The mainstream media repeatedly uttered the false but reassuring-sounding phrase “global warming pause” last year, a reference to an unexpected decline in the rate at which land temperatures have been recently warming, but meanwhile temperatures in the world’s oceans were spiking.

Just check out this graph from NOAA, which shows the rise in the amount of energy in the top 2,300 feet (700 meters) of the world’s oceans:

NOAA

Click to embiggen.

Skeptical Science puts the chart into some context:

Long-term the oceans have been gaining heat at a rate equivalent to about 2 Hiroshima bombs per second, although this has increased over the last 16 or so years to around 4 per second. In 2013 ocean warming rapidly escalated, rising to a rate in excess of 12 Hiroshima bombs per second — over three times the recent trend.

Rising ocean temperatures might not seem as significant for us humans as rising land temperatures, but they actually affect us in lots of ways. Warming marine environments are disturbing wildlife the world over, driving fish to cooler and deeper waters — and that is affecting fishing industries.

The heating waters can also fuel hurricanes and other wild storms. Water temperatures around the Philippines rose nearly 2 degrees F last year just before Typhoon Haiyan hit, which helped whip up the monster storm.

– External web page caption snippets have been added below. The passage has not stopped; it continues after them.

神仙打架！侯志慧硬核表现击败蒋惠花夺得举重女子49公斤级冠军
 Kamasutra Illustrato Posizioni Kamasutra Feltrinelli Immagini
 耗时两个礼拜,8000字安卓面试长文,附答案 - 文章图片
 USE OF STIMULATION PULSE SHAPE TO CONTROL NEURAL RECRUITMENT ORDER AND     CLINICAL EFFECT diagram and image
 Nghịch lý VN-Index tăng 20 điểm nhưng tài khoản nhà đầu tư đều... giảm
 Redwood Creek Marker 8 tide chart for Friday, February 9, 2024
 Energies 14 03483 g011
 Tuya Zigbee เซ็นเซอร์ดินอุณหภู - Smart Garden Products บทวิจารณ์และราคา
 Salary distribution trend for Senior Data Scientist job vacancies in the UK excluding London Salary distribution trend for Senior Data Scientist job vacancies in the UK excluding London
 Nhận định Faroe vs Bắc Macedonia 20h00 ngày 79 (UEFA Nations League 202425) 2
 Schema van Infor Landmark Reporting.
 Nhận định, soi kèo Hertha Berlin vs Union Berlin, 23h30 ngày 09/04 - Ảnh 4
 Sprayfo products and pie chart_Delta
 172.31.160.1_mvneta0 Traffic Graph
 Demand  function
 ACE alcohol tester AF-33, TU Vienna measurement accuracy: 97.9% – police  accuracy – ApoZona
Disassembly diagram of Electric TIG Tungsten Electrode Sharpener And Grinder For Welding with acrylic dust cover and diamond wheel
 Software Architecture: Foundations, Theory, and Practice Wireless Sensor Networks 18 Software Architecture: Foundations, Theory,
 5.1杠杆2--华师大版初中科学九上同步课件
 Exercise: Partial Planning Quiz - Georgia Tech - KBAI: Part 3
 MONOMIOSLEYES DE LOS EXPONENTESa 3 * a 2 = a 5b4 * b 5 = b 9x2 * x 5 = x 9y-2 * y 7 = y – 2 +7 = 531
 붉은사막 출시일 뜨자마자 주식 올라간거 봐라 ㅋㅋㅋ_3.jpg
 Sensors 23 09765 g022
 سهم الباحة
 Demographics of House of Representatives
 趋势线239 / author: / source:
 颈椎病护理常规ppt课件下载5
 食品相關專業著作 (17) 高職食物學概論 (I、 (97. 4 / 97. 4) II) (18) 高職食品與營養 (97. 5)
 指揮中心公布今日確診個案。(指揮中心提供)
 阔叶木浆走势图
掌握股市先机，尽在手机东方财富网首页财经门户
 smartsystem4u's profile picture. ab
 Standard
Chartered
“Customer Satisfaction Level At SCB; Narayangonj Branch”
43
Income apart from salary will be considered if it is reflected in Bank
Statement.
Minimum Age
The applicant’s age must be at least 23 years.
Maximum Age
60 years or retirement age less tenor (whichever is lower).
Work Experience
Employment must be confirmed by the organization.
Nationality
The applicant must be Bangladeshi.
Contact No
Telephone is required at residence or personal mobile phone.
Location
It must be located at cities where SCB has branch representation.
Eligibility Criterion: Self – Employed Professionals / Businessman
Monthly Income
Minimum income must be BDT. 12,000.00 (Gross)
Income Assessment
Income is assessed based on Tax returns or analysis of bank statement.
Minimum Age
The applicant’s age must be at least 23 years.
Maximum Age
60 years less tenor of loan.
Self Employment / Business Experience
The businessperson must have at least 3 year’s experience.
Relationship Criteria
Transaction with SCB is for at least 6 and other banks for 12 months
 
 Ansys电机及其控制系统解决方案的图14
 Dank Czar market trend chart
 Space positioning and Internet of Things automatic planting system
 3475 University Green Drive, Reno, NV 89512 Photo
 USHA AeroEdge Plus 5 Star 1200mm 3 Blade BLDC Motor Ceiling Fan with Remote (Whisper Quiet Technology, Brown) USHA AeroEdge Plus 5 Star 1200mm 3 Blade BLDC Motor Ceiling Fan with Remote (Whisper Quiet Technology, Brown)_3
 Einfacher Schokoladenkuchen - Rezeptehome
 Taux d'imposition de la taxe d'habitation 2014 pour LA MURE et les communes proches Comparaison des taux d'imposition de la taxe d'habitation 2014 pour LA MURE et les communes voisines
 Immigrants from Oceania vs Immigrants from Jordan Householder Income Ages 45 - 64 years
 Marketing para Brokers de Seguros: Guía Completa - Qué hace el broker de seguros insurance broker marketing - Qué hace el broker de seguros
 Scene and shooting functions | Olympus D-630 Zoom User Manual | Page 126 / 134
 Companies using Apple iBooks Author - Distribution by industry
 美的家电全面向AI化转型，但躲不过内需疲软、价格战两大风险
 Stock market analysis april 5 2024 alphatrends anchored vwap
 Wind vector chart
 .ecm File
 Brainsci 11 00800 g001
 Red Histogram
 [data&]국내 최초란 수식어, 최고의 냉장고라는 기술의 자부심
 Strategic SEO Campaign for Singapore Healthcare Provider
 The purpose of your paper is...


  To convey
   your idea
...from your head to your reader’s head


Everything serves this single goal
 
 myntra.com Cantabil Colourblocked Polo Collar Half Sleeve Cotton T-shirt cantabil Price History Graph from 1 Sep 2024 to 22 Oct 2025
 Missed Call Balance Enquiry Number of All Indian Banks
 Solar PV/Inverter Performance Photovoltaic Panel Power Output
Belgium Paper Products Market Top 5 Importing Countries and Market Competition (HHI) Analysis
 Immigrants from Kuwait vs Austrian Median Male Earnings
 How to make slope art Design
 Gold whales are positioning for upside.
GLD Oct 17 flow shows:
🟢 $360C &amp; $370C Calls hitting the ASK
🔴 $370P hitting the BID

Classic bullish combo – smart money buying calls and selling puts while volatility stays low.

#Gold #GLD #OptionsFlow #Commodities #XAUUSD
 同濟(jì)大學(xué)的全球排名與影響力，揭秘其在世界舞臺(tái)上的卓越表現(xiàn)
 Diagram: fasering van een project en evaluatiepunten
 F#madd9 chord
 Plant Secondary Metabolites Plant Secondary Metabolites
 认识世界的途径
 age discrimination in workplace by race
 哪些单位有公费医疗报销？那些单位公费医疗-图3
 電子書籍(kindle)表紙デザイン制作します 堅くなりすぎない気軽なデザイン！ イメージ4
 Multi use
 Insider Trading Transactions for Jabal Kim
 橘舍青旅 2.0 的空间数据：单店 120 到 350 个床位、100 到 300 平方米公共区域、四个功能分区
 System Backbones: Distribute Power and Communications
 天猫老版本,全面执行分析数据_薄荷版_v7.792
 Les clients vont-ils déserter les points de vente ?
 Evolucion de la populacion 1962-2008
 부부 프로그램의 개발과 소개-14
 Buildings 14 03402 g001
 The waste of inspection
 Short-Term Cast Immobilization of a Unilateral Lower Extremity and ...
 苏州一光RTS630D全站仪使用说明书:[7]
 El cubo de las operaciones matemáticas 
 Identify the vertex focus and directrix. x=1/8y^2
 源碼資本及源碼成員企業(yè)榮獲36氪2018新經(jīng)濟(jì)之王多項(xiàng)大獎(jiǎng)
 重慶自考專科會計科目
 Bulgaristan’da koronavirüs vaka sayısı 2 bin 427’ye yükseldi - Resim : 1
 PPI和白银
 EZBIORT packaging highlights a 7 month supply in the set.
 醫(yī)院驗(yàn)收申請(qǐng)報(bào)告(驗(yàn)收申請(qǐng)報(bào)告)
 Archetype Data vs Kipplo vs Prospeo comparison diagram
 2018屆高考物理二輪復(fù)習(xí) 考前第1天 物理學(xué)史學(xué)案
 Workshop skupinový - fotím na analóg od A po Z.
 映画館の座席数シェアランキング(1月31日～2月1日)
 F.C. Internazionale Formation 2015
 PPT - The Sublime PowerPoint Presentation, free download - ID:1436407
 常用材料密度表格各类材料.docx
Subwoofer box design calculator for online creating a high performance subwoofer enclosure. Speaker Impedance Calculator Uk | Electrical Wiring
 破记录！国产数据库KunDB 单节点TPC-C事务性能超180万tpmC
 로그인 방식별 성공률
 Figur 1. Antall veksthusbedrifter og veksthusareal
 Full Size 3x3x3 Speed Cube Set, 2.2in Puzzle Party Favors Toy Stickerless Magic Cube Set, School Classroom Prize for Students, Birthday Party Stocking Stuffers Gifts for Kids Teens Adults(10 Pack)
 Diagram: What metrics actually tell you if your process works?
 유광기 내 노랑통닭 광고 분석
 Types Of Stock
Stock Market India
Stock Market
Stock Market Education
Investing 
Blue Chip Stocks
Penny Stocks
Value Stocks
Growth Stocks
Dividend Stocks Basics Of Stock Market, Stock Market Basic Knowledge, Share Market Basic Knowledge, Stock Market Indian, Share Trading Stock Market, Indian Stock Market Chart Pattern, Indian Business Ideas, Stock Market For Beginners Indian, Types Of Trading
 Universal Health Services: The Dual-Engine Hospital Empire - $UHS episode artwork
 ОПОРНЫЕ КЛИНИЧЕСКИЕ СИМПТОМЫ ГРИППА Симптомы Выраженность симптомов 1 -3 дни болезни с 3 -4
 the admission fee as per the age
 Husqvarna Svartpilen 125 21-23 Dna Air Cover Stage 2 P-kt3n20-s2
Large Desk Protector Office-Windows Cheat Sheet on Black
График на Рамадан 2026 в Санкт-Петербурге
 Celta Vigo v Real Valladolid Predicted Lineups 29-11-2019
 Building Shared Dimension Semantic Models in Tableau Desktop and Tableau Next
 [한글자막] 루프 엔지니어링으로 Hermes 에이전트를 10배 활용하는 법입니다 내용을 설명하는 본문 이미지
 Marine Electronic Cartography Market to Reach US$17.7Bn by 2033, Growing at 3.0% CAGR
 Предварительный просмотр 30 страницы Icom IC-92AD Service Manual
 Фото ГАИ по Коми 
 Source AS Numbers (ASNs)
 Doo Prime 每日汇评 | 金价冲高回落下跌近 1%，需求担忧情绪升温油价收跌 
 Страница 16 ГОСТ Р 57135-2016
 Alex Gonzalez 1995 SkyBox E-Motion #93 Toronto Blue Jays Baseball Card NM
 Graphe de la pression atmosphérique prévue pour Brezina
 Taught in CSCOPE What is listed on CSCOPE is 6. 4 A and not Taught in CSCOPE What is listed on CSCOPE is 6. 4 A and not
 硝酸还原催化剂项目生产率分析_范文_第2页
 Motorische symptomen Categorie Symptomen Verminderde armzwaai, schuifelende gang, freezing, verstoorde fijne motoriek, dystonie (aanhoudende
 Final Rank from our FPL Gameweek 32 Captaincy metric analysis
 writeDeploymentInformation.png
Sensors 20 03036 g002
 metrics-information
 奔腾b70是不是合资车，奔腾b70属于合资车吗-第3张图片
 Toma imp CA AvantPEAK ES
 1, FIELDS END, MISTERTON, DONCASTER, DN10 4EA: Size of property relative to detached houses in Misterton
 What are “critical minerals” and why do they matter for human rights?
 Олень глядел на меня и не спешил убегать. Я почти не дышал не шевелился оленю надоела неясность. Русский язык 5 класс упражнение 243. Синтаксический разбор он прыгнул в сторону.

And it’s worth remembering that water expands when it heats up, which leads to rising seas. In some subtropical areas, increasing water temperatures are believed to be responsible for sea-level rise of as much as a millimeter every year. Here’s the latest NOAA graph showing how much seas are rising, on average, due to warming oceans (this is called steric sea-level rise):

NOAA

Click to embiggen.

So the next time somebody bends your ear about a supposed “global warming pause,” just show them these two graphs.


Source
Global Ocean Heat and Salt Content, NOAA
The Oceans Warmed up Sharply in 2013: We’re Going to Need a Bigger Graph, Skeptical Science

John Upton is a science fan and green news boffin who tweets, posts articles to Facebook, and blogs about ecology. He welcomes reader questions, tips, and incoherent rants: johnupton@gmail.com.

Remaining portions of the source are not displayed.